Writing an inline parser class

Here we describe how you structure your source code and make references to libraries so that you can create a parser that is generated in-line, in the same program that runs that parser. The grammar description is provided as either a character string in source code, or as an input stream, meaning it could be read from a database or from a file.

Project references

Any in-line parser project will need to include two DLLs among the references. These are Parsing.DLL that contains the classes in the namespace Parsing, and ParserGenerator.DLL that contains the classes in the namespace ParserGenerator. Naturally the addition of using statements to the top of source files that refer to members of these DLLs will simplify your source code.

Creating the parser class

First your source code will need to have an application specific parser class that you have written. The actual parser class already exists as Parsing.Parser in Parsing.DLL, so all you need to ensure is that your application specific parser class inherits from Parsing.Parser.

An example of the structure of your source file containing your application specific parser class might be:


using Parsing;

// ... other using statements ...

namespace MyApplication
{
    public class MyParser : Parser
    {
        // ... Application specific class members here ...
    }
}

Your parser will represent a single object that acts as the interface to any data structures that are being built or manipulated while the parser is executing. You would typically include any data members and methods to access them within the application specific parser class.

Action functions

With both inline and offline parsers, you may have elected for the action code executed on rule reduction to be added to the source code for the parser. These action functions will have had their names listed in the actions section of the grammar description, and will all have the same standard function signature. For example, if we have an action called BumpPlural it should have its implementation written inside your application-specific parser class as follows:


using Parsing;

// ... other using statements ...

namespace MyApplication
{
    public class MyParser : Parser
    {
        // Application specific class members
        
        public int PluralCount { get; set; }
        
        public void BumpPlural(object[] args)
        {
            if(someErrorOccurred)
                args[0] = new ParserError
                {
                    Message = "Nature of error"
                }
            else
                PluralCount++;
        }
    }
}

Note the signature of the action method. It has a return type of void, as the parsing engine makes no attempt to pick up a return value. The object array passed as the single argument to the action function will have been filled in with a selection of the values from each of the tokens on the right hand side of the production being reduced when this action was called. The array always has a size of at least one element. This zeroth element of the array is used to return a value back to the parser that will be used as the value for the single LHS token that replaces all the RHS tokens that are being removed from the top of the parser stack.

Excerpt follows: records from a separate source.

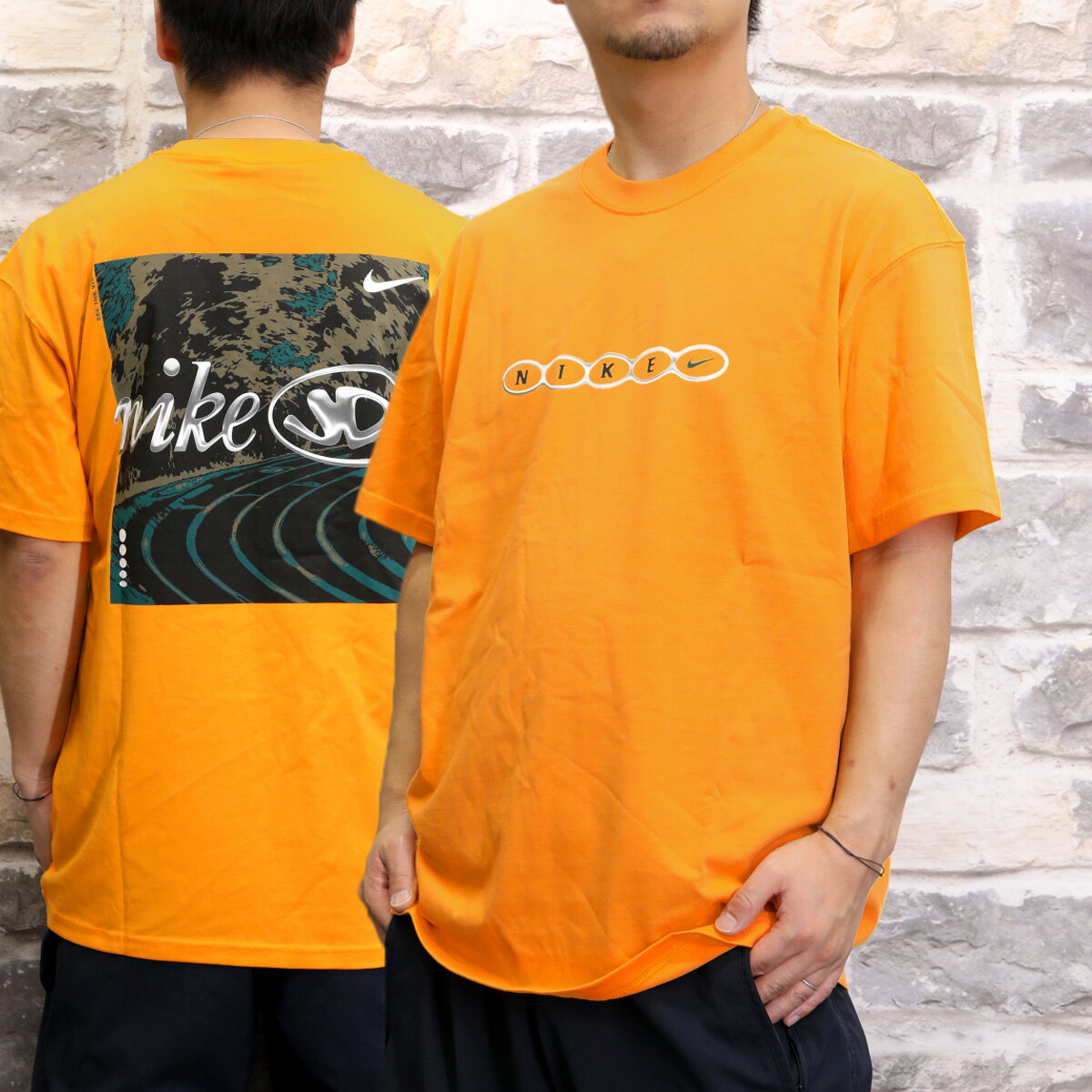 期間限定!最大3000円オフクーポン有! ナイキ Tシャツ メンズ ブランド 半袖 コットン100% 綿100% バックプリント付き 橙色 オレンジ NIKE ...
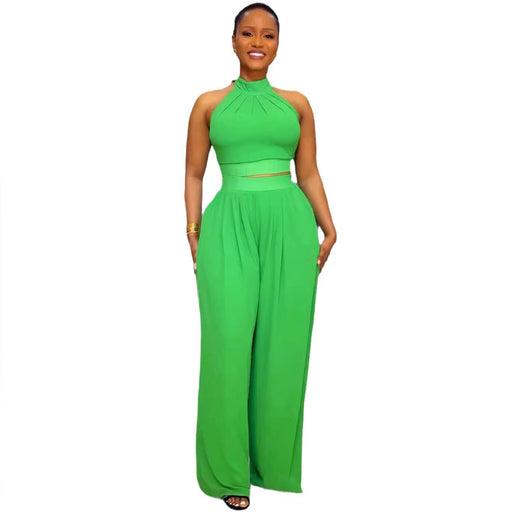 Sexy Pleated Sleeveless High Waist Top Wide Leg Pants Two Piece Set-Green-Fancey Boutique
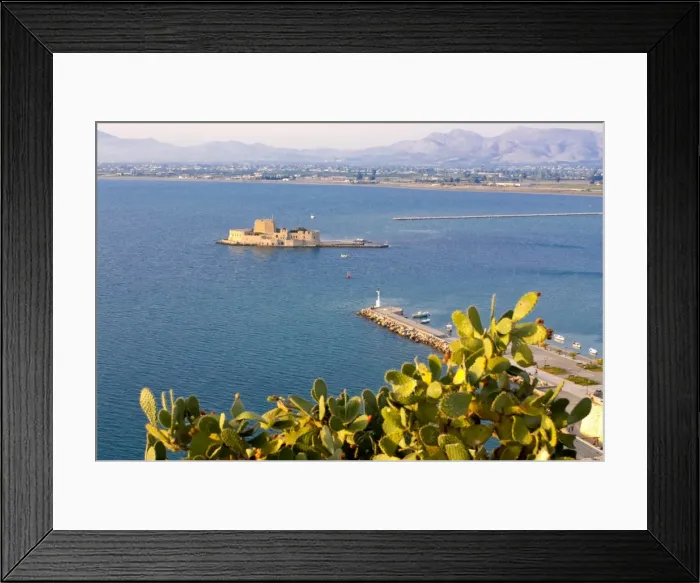Framed Print : View to one of the castles guarding Nafplio, Peloponnese, Greece, Europe Framed Print : View to one of the castles guarding Nafplio, Peloponnese, Greece, Europe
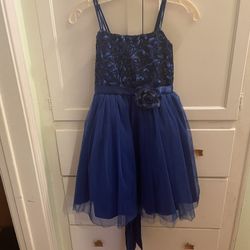 Dark Blue Spaghetti Strap Party Dress With Sequin Bodice And Full Skirt With Silk/Satin Ribbon Belt And Removable Flower
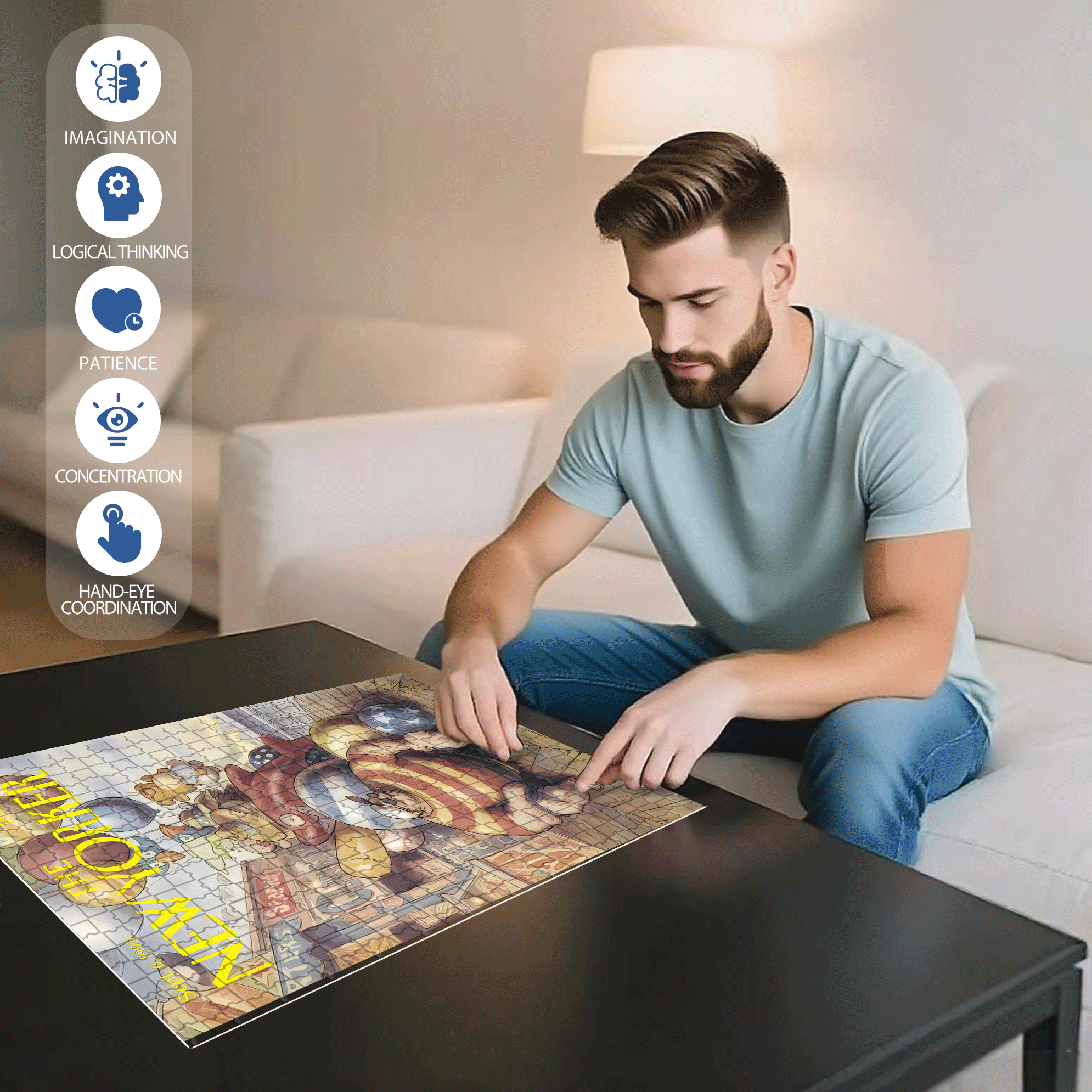 Hydrogen Balloons 500pcs/1000pcs Jigsaw Puzzle, Scratch-Resistant, Interactive Family Game & Brain-Boosting DIY Decor, Perfect for Halloween, Christmas & New Year Gifts, Family Puzzle Game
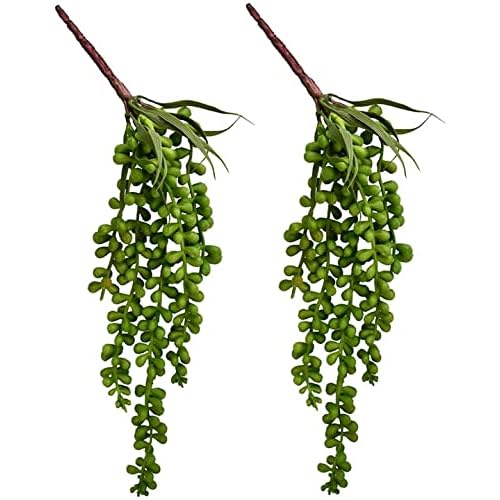 HUIANER Artificial Succulent Plants, 13.4" Fake Hanging String of Pearls Simulation Greenery Plants for Christmas Wall Home Kitchen Office Garden Wedding Decor, Pack of 2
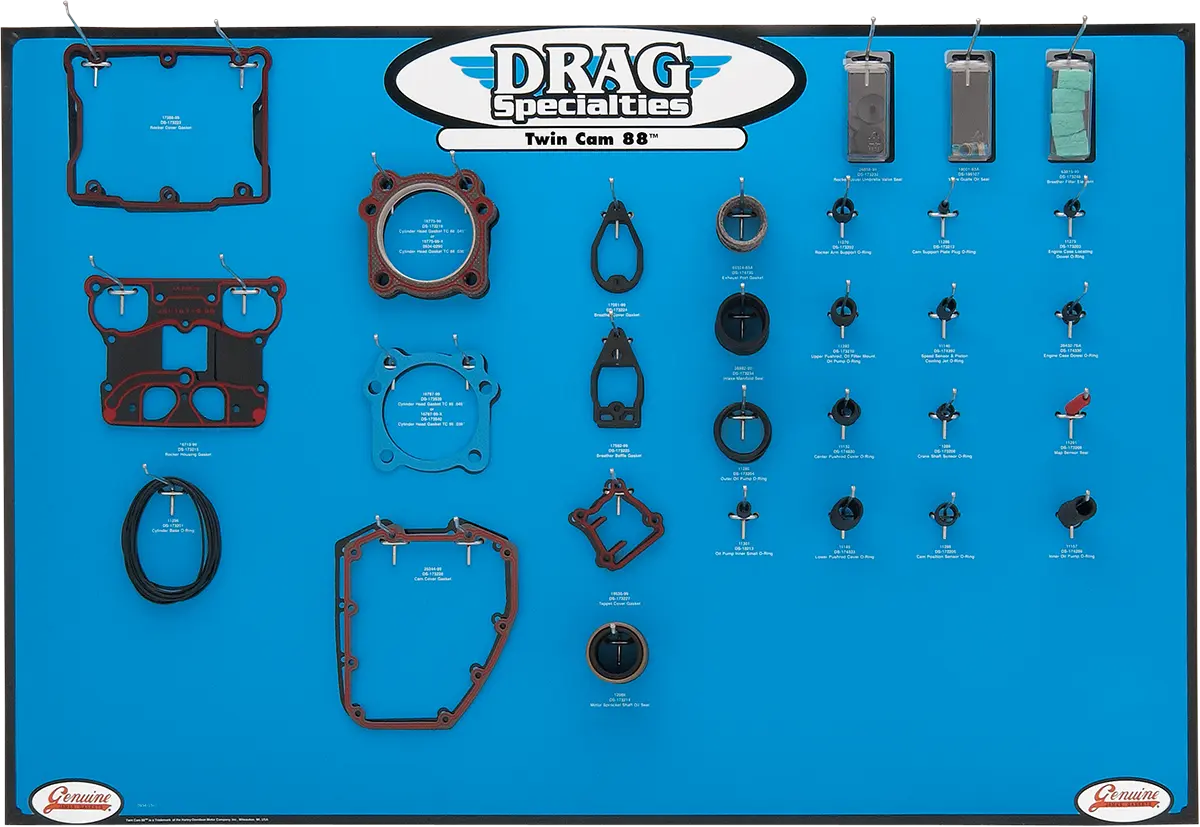 DRAG SPECIALTIES Packningsdisplay för Twin Cam motorer bild 1 PMMEDIA:7180f3c611bf4fe1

If you construct an instance of a Parsing.ParserError object and place that into args[0] before returning from any action function, this indicates to the parser that your action function identified an error in the parsing process. The Message property of the ParserError object should be filled in with an explanation of the fault, as this field is used to report back to the parser error output channels the nature of the fault.

On receipt of a ParserError object in slot zero of the argument array, the parser will either abort the current parse, or if error recovery has been enabled, will attempt to pop the parser state stack and shift input tokens until a suitable resumption point has been reached. A description of how this error recover mechanism functions is given elsewhere.

Guard functions

If your grammar requires guard functions to be evaluated for some of the tokens as they are parsed, you might have decided to write these guard functions in your application specific parser class. If so, their names will also have been listed in the guards section of the grammar.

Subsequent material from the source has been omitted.